Wilhelmine nahm sich zusammen, den alten Mann nicht anzuschnauzen, wie sie es sonst gewiß getan hätte. Sie war entsetzt: »Nein, nein, das mit dem Verpachten geht nicht, ganz und gar nicht und ausgeschlossen. Die ›Helene‹ hat ihre Mucken, die nur der Vatel und ich und das Schindluder von Steuermann kennen. Und der Schweinekerl ist doch beim Kochale. Wenn die ›Helene‹ noch Geld bringen soll, dann muß ich schon selber auf dem Kahn sein.«

Sie packte die Tasche mit beiden Händen fest und ließ sie zwischen ihren Knien hin und her baumeln: »Mit Ihnen natürlich. Denn auf meinem Kahn sind Sie jetzt oberster Kapitän.«

Der Alte hielt den Zeigefinger unter der Nase still. Das war etwas.

»Und das ist etwas«, bestätigte Wilhelmine Butenhof nachdrücklich seine Gedanken.

»Werden Sie etwa ungern so auf dem Wasser 'rumfahren und nicht mehr fest wohnen?« wurde sie argwöhnisch. »Aber im Winter werden Sie ja immer hier sein«, beruhigte sie sich selbst und den Vormund.

»Oh, was das fahrende Leben betrifft«, strich jetzt der alte Mann zufrieden über sein Chemisett und tat sehr geheimnisvoll, »was das fahrende Leben betrifft –«

Wenn Wilhelmine Butenhof sich nicht sehr täuschte, so hatte der Vormund ein stolzes Lächeln zu verbergen. Sie klapperte mit den Wimpern, und Verschiedenes war ihr nicht ganz geheuer (trotzdem aber nicht ohne Verheißung).

»Und die Schule?« erkundigte sich Herr Müßiggang, und es schien ihm gar nicht recht zu sein, daß es dieses gefährliche Hindernis noch gab.

»Ja, nicht wahr, die Schule, verflucht und geschissen«, schimpfte der blonde Seraph, »aber Gott sei Dank nur im Winter, in der Schifferschule in Fürstenberg. Mit der Schule ist das für uns Schifferkinder schon alles so eingerichtet, daß wir wenigstens im Sommer –«

Sie zuckte ergebungsvoll die Achseln und flüsterte sanft: »Aber es dauert ja nicht mehr lange.«

»Im Winter müßten wir uns dann trennen?« wollte der Vormund wissen, und Wilhelmine erkannte daraus, daß der Handel geschlossen war.
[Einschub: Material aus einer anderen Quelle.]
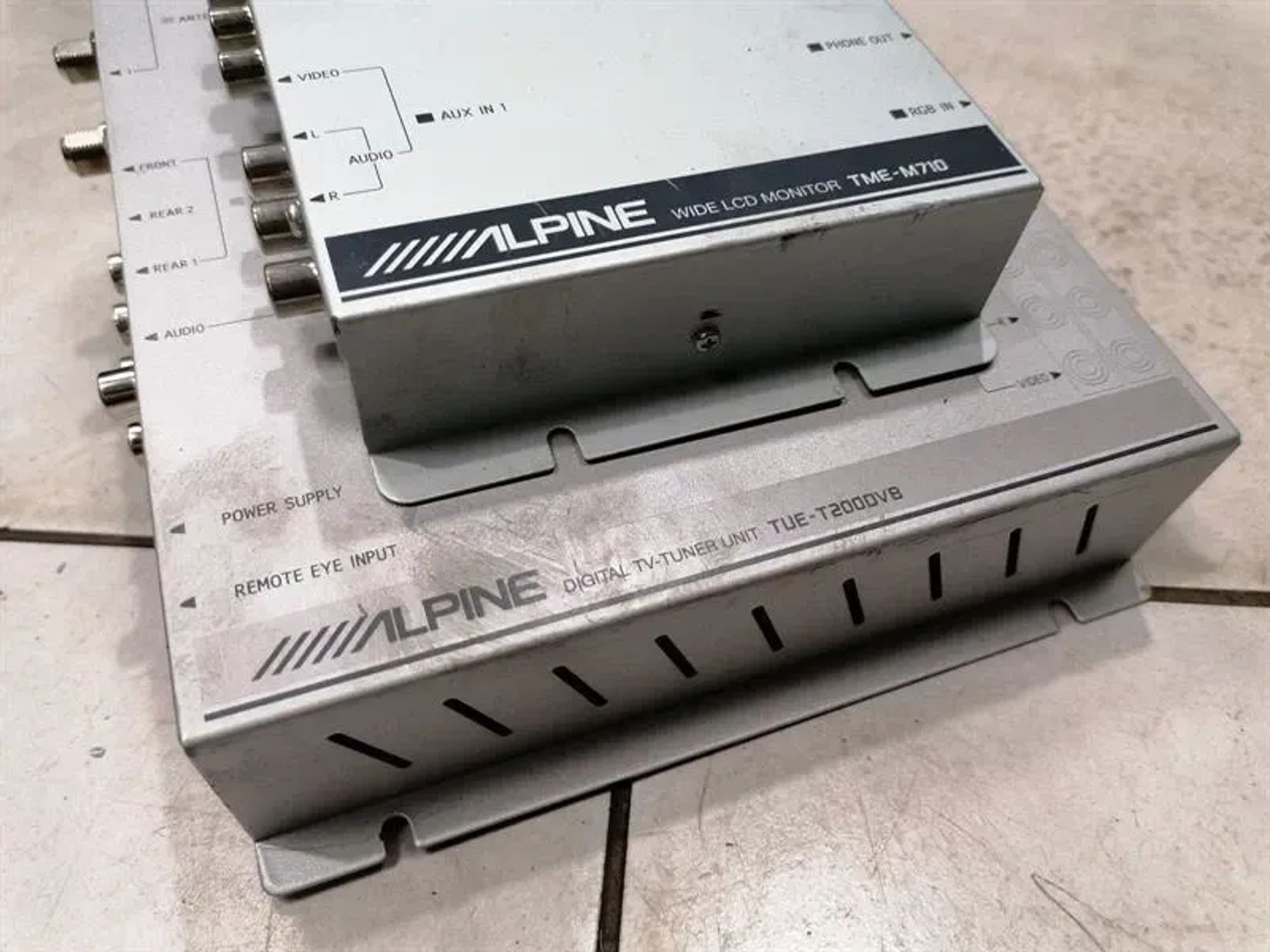 Комплект сидений BENTLEY ARNAGE T Mulliner ARNAGE, 710000 рублей, Москва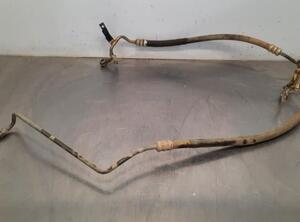 Oil Hose PEUGEOT BOXER Van, OPEL MOVANO C Van (U9)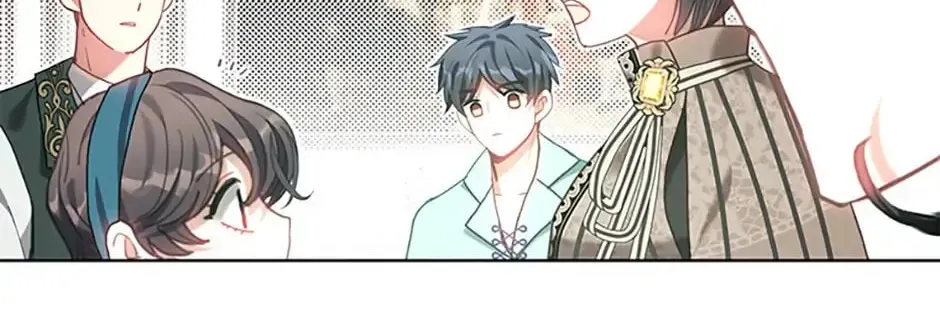 Read Devoted to Diamond chapter 36 image 49 on Lezhin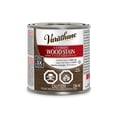 thumbnail image 1 of Varathane Ultimate Interior Wood Finish, Dark Walnut, 236 mL, 1 of 1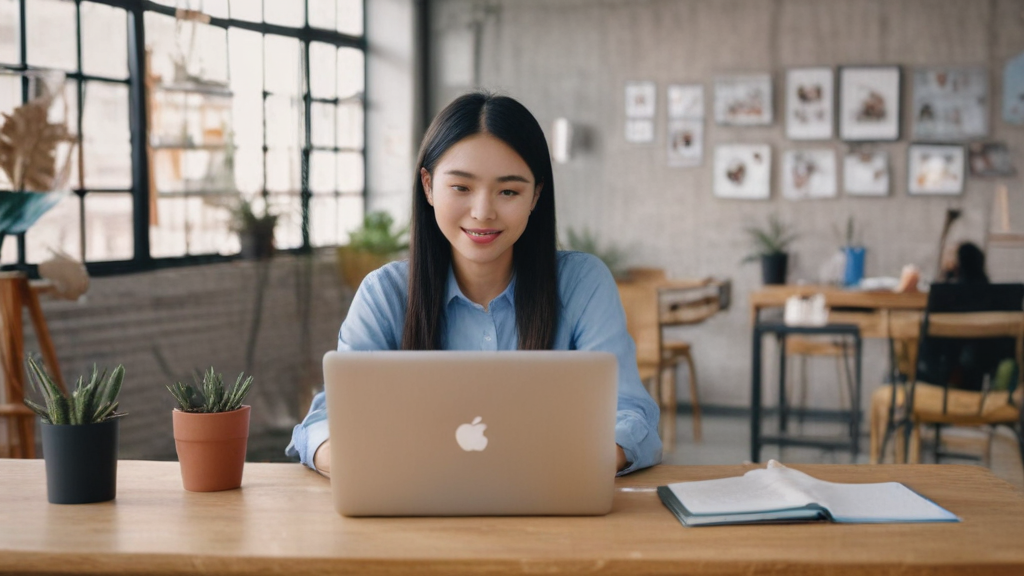 1988 Media - 2026: 5 Bước Chiến Lược Cho Founder SMB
»Aber die ›Helene‹ bleibt bei dir in Zeuthen«, billigte sie, zum Du übergehend, dem Alten zu, »hier im Hafen, daß du sie jeden Tag vom Fenster aus sehen kannst.«

»Ein schönes Schiff«, belog sich der Vormund aufseufzend, und Wilhelmine seufzte mit. Dabei drückte sie ihm ihre Tasche in die Hände, worauf er »Tochterle« zu ihr sagte und »nu, mein Herzerle«.

»Aber alles aufschreiben, was du mir gibst«, vergewisserte sich das Kind.